“I hate Chinese! It is the toughest subject! I wish I could drop it.”
Does this sound familiar to you? If your child is struggling with Chinese, rest assured that they are not alone. Not every student is linguistically-inclined, but is it possible to turn a chore into something enjoyable?
Here in Singapore, we pride ourselves in being a multilingual nation. Learning one’s own mother tongue has been incorporated seamlessly into our school curriculum, where children are taught a second language from as early as kindergarten. Students of Chinese ethnicity will typically learn Mandarin Chinese as their second language. If they excel in it, they can potentially opt to take Chinese as a double first language, together with English.
However, even though most students are no stranger to learning a second language, it is not uncommon to find students who are averse to it. Perhaps it is the way mother tongues have been forced upon the curriculum to unwilling students, or perhaps it is the stress of taking three or four other subjects in addition to Chinese. Whatever the reason, the pool of students facing difficulties in their mother tongue has always been there. As a helpless parent on the side-lines, you may be wondering if there is anything you can do to help your child regain an interest in Chinese. Well, you are not alone. As educators of a tuition agency in Singapore, we have continuously asked ourselves: how can we cultivate an appreciation for Chinese in our students?
Why Study Chinese?
Mother tongue has been made mandatory for most Singaporean students, not least because it helps to bridge the gap between the older generations and the younger. In Singapore, we can hear Chinese spoken every day at our local mama shops and hawker centres. However, Chinese is also key to gaining leverage in the rapidly expanding business world. As one of the major players in the global economic field, China is an important figure when it comes to dealing in today’s businesses. The ability to understand and speak Chinese is highly sought-after in many companies that are looking to expand internationally. People of all ethnicities have taken to learning Chinese given China’s rise in economic power. Here, we are extremely fortunate to have the opportunity to learn Chinese from as young as preschool, and to study it throughout our schooling years. For students looking to equip themselves with relevant skills for the workforce, speaking Chinese should be a topmost priority.
Additionally, taking Chinese, especially at higher levels, can reward students with better placements in their desired schools. For instance, by scoring well in higher Chinese in their PSLE or O-level examinations, students can be given priority to enrol in selected top secondary schools or junior colleges. As the playing field only gets more and more competitive, students will need every edge they can get to enrol in the school of their dreams.
Exposing Your Child to Chinese
We believe that early exposure to a language plays an important part in getting a child interested in the language and makes it easier for them to pick it up. Studies have shown that teaching a child a second language in their preschool years activates a linguistic part of their brain, and thus they will have an easier time even picking up additional languages when they are older.

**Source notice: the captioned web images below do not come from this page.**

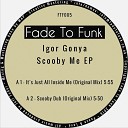 Igor Gonya - Scooby Dub Original Mix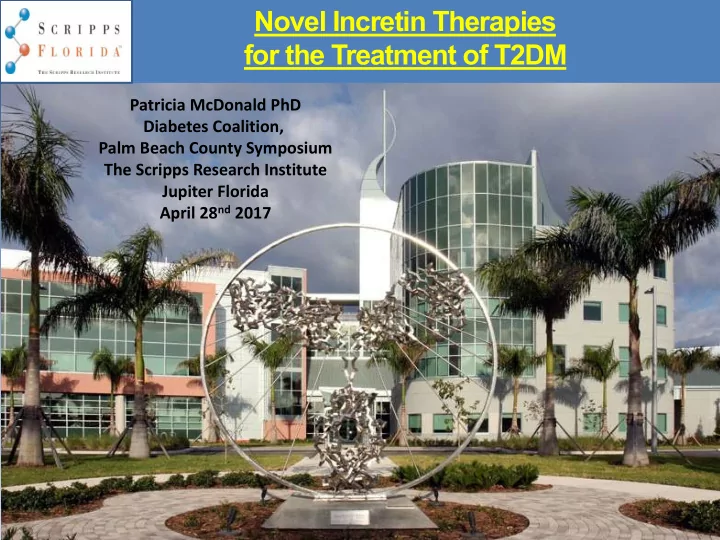 novel incretin therapies for the treatment of t2dm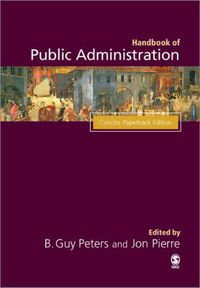 Handbook of Public Administration; B. Guy Peters, Jon Pierre; 2007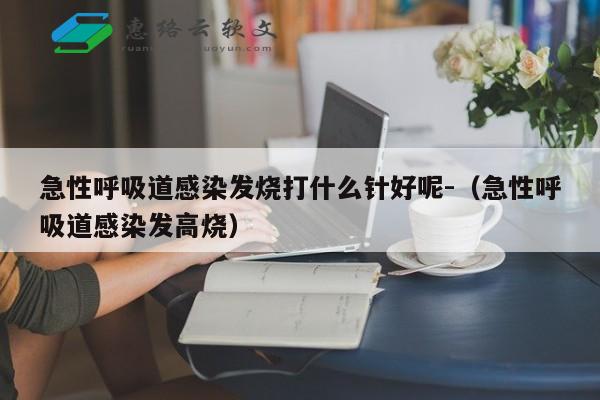 急性呼吸道感染发烧打什么针好呢-（急性呼吸道感染发高烧）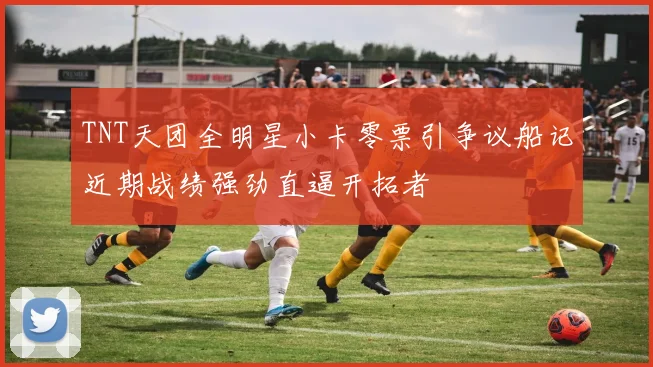 TNT天团全明星小卡零票引争议船记近期战绩强劲直逼开拓者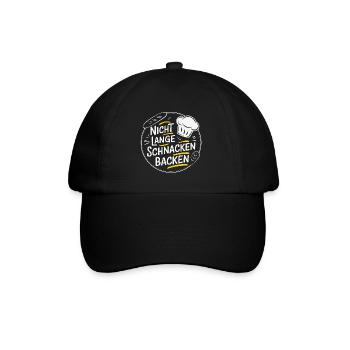 Nicht lange schnacken einfach backen. Bäckermütze - Baseballkappe - Schwarz/Schwarz - Vorne
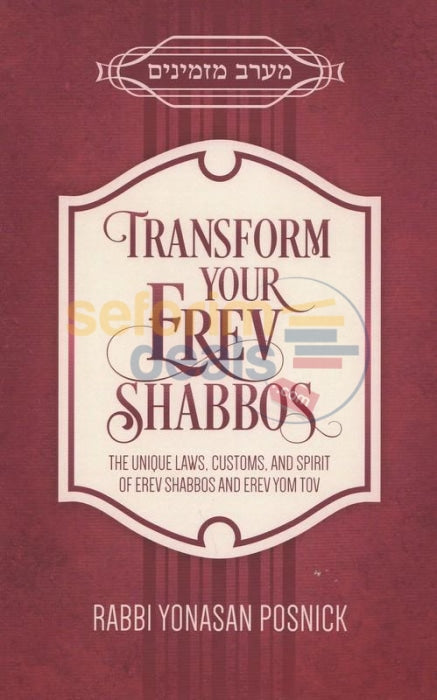 Transform Your Erev Shabbos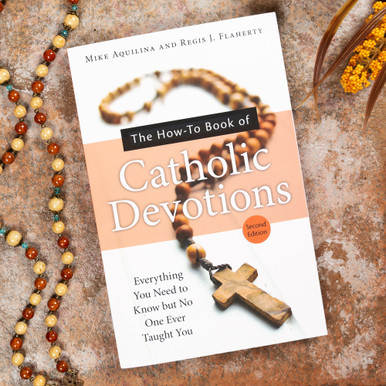 The How-To Book of Catholic Devotions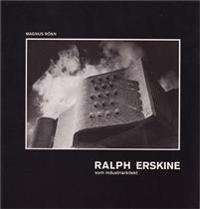 Ralph Erskine som industriarkitekt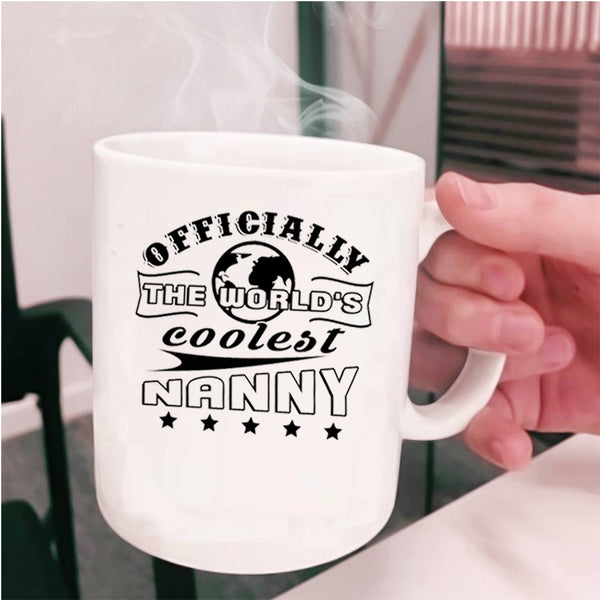 Awesome Nanny Coffee Mug, Officially The World's Coolest Nanny Cup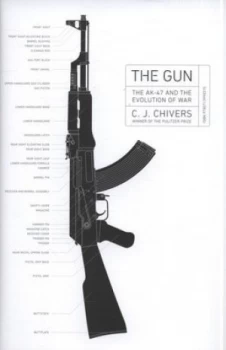 Image of The Gun by C. J. Chivers Hardback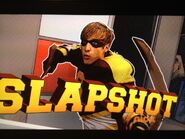 Kendall as Slapshot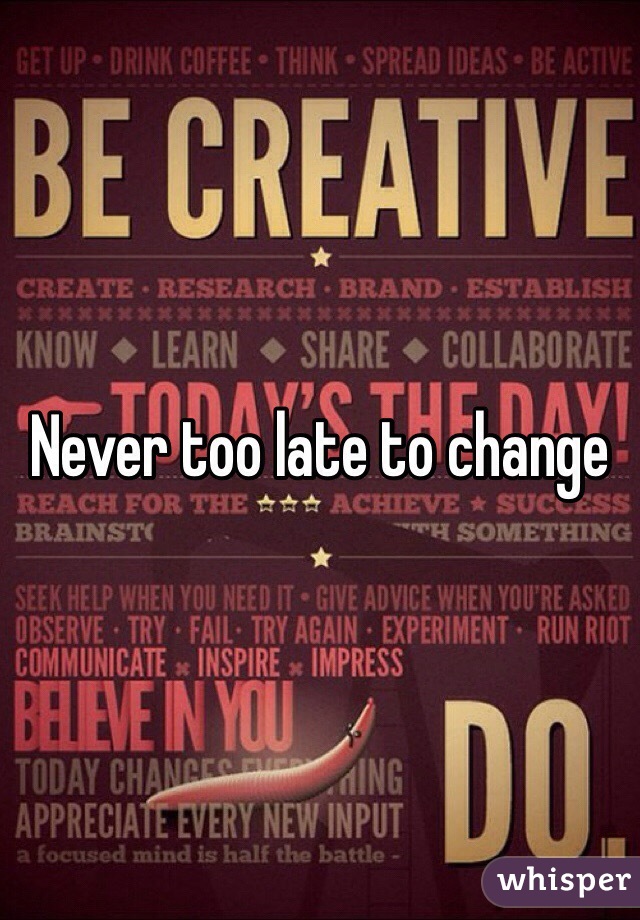 Never too late to change  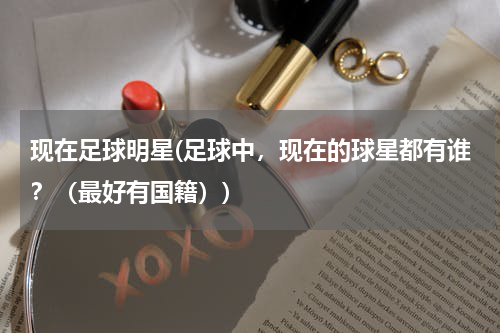 现在足球明星(足球中，现在的球星都有谁？（最好有国籍）)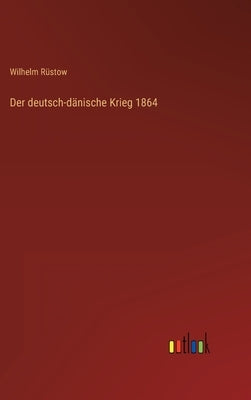 Der deutsch-dänische Krieg 1864 by Rüstow, Wilhelm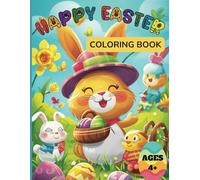 Happy Easter Coloring Book For Kids Ages 4+: 50 Cute and Fun Images of Easter Eggs, Bunnies, Springtime and More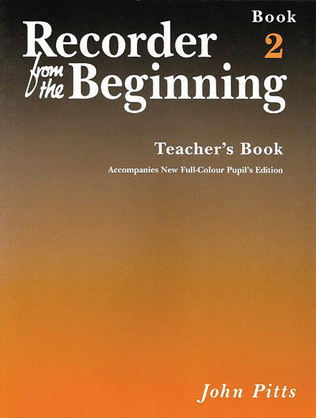 Recorder from the Beginning - Teacher's Book 2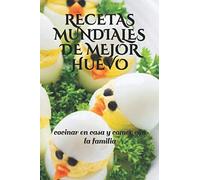 RECETAS MUNDIALES DE MEJOR HUEVO: cocinar en casa y comer con la familia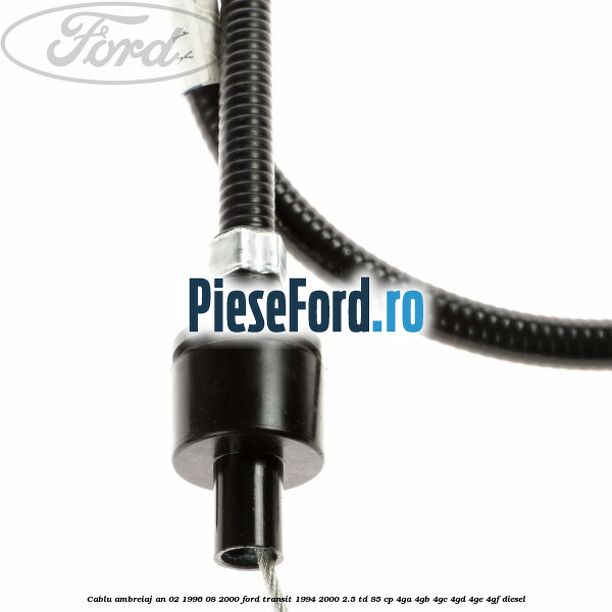 Cablu ambreiaj an 02/1996-08/2000 Ford Transit 1994-2000 2.5 TD 85 cp 4GA, 4GB, 4GC, 4GD, 4GE, 4GF diesel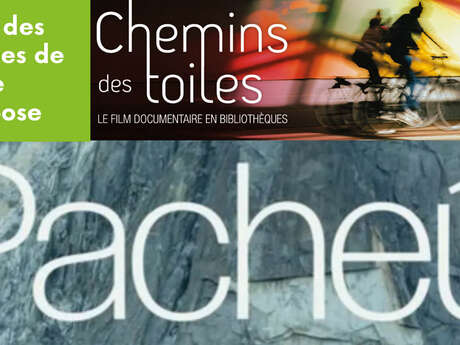 Projection du film Pacheû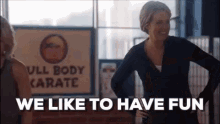 Playing House We Like To Have Fun GIF - Playing House We Like To Have Fun Maggie GIFs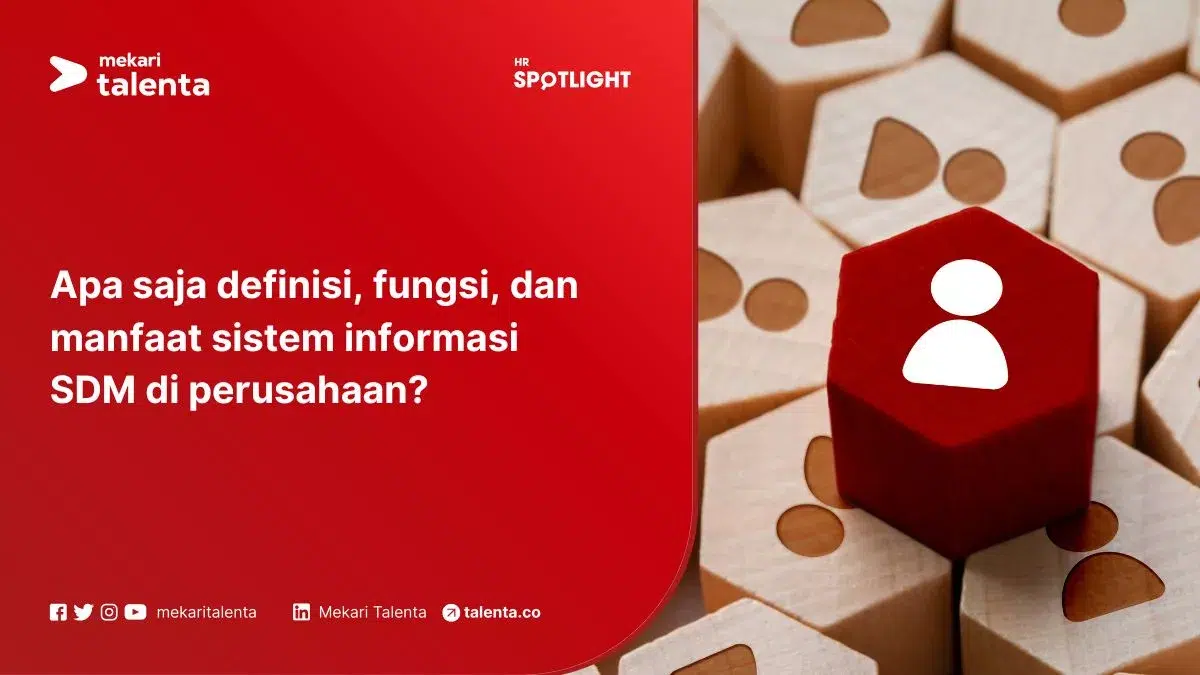 Apa Saja Definisi, Fungsi, dan Manfaat Sistem Informasi SDM di Perusahaan?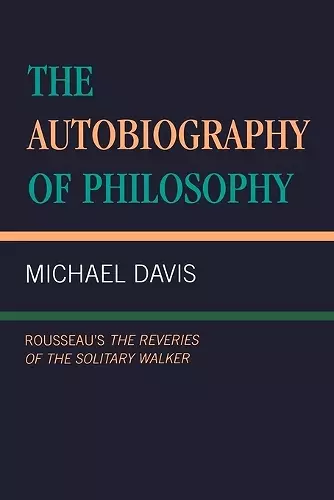The Autobiography of Philosophy cover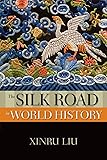 The Silk Road in World History (New Oxford World History)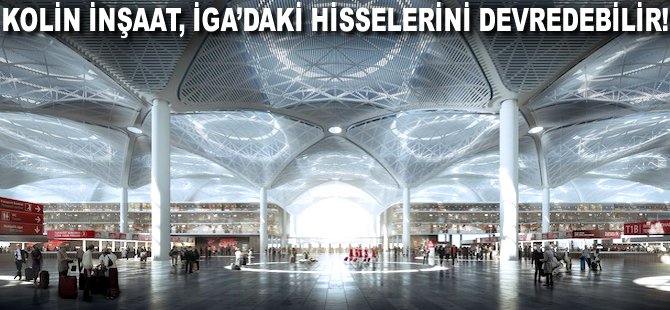 Kolin İnşaat, İGA'daki hisselerini devredebilir!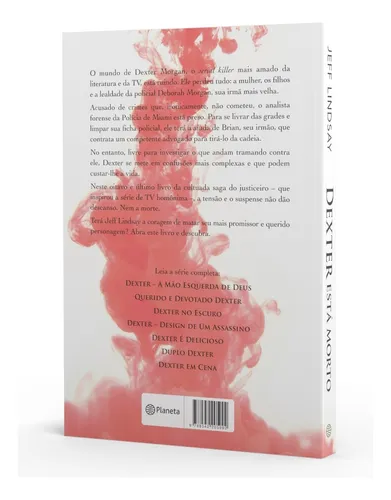 Dexter ha muerto, de Lindsay, Jeff. Editorial Editora Planeta do Brasil Ltda., tapa blanda en portugués, 2015
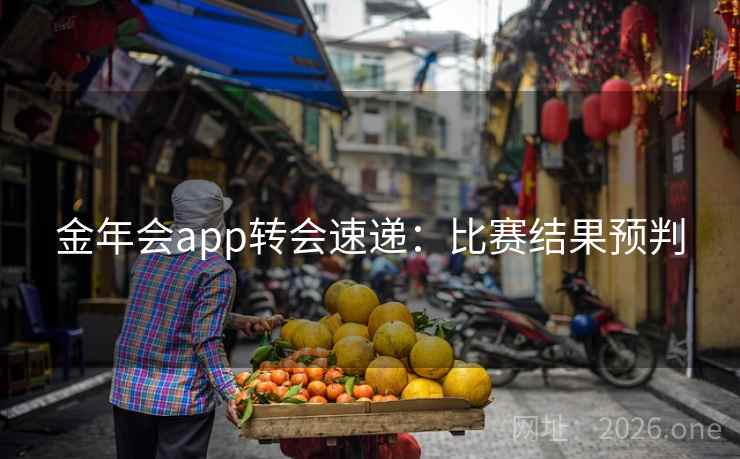 金年会app转会速递：比赛结果预判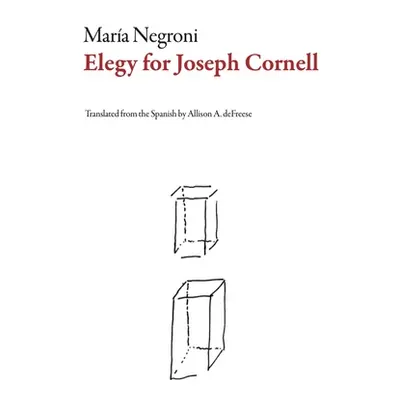 "Elegy for Joseph Cornell" - "" ("Negroni Mara")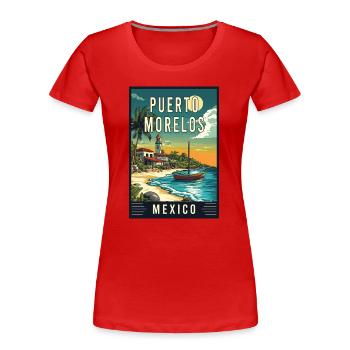 Explore Coastal Charm Puerto Morelos Mexico - Women's Premium Organic T-Shirt - red - Front - Mia (176cm)
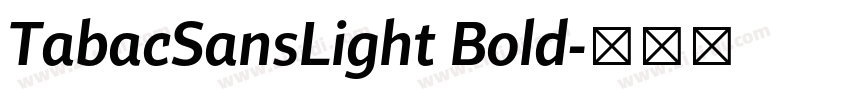 TabacSansLight Bold字体转换
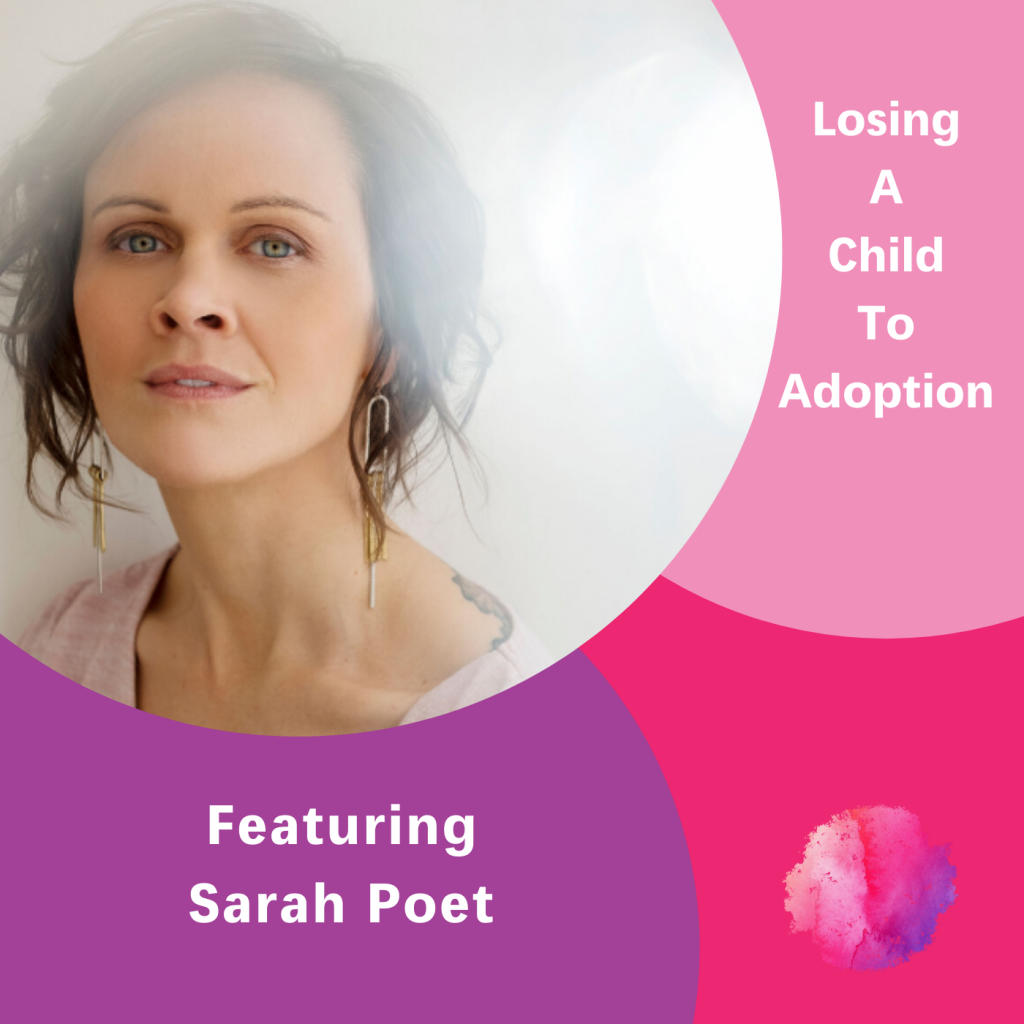 Losing a Child to Adoption, Sarah Poet, The Inspired Women Podcast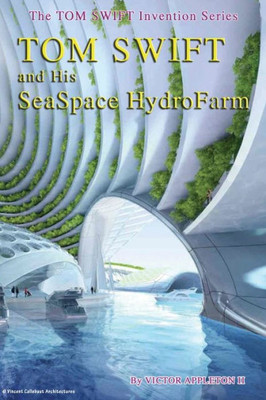 Tom Swift And His Seaspace Hydrofarm (The Tom Swift Invention Series)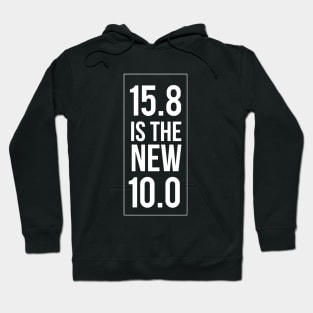 15.8 is the new 10.0 Hoodie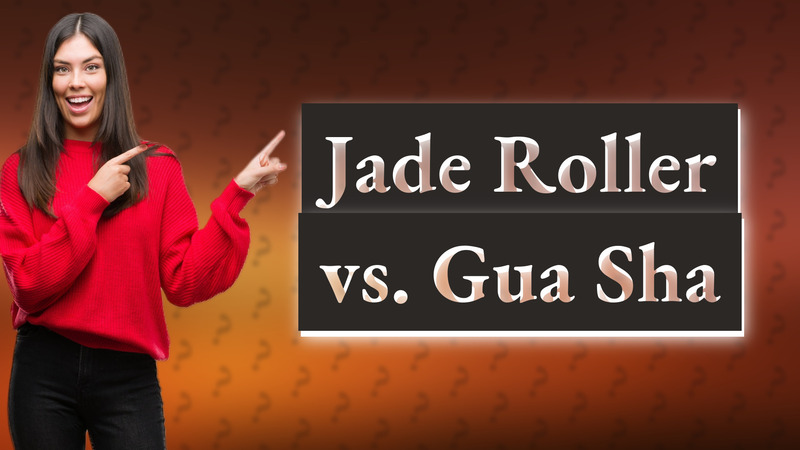 Jade Roller vs. Gua Sha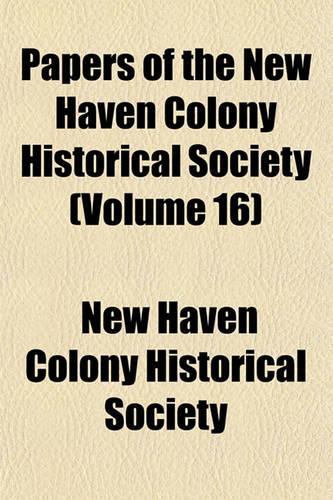 Papers of the New Haven Colony Historical Society (Volume 16): (English)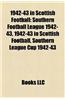 1942-43 in Scottish Football: Southern Football League 1942-43, 1942-43 in Scottish Football, Southern League Cup 1942-43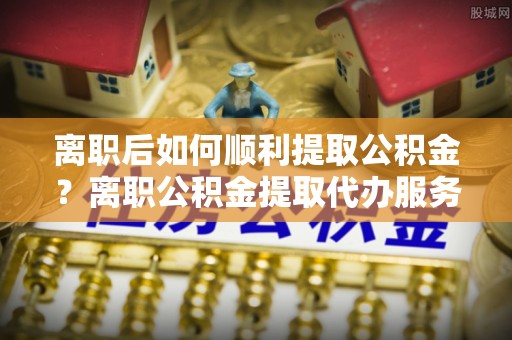 邵阳县离职后如何顺利提取公积金？离职公积金提取代办服务帮你搞定！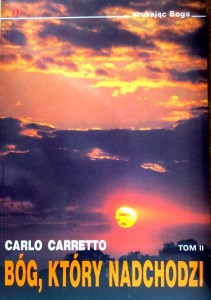 Bóg, który nadchodzi Tom II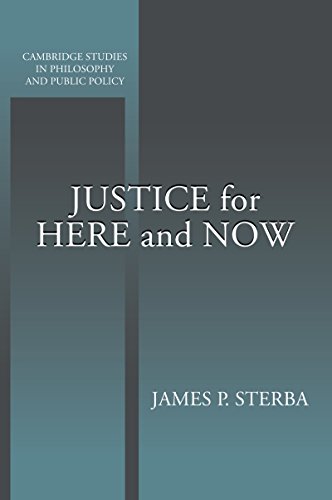 Justice for Here and Now (Cambridge Studies in Philosophy and Public Policy)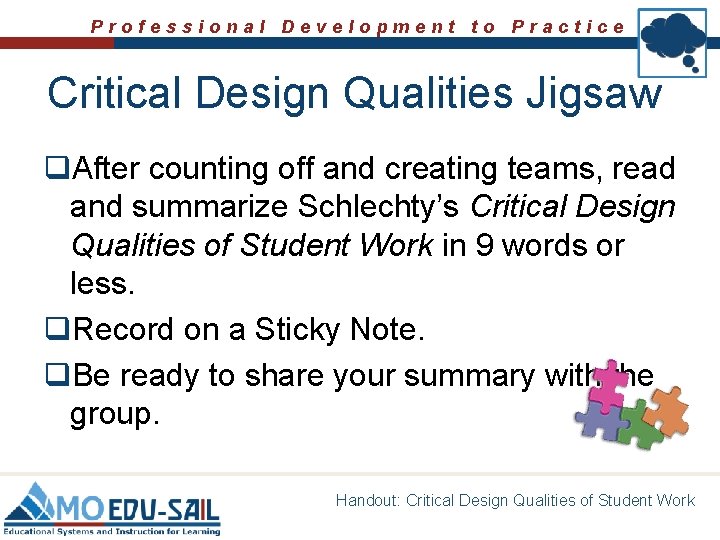 Professional Development to Practice Critical Design Qualities Jigsaw q. After counting off and creating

Exposure to Chinese can be as simple as tuning in to Chinese radio stations when your child is around. Try reading them some story books in Chinese, playing Chinese games, and singing Chinese songs with them. If you are feeling creative, you can even make some flash cards with simple Chinese phrases to quiz your child! Need a little inspiration? There are plenty of fun applets created just to teach young children Chinese. You can try some educational games out with your child!
If your child is having trouble coping with Chinese in school, you could also try signing them up for primary school Chinese tuition. Tuition has the advantage of putting your child in the hands of a professional geared towards results, so you can be sure that those red grades will see an improvement. Chinese tuition does not have to be dry and boring – with the right teacher and classmates, tuition lessons can turn into fun sessions that your child will be begging you to take them to!
While it is always best to teach a child a new language from as young as possible, do not worry if your child is older and has been missing out on some of these opportunities. It is better to be late than never – now is as good a time as any to start exposing your child to Chinese!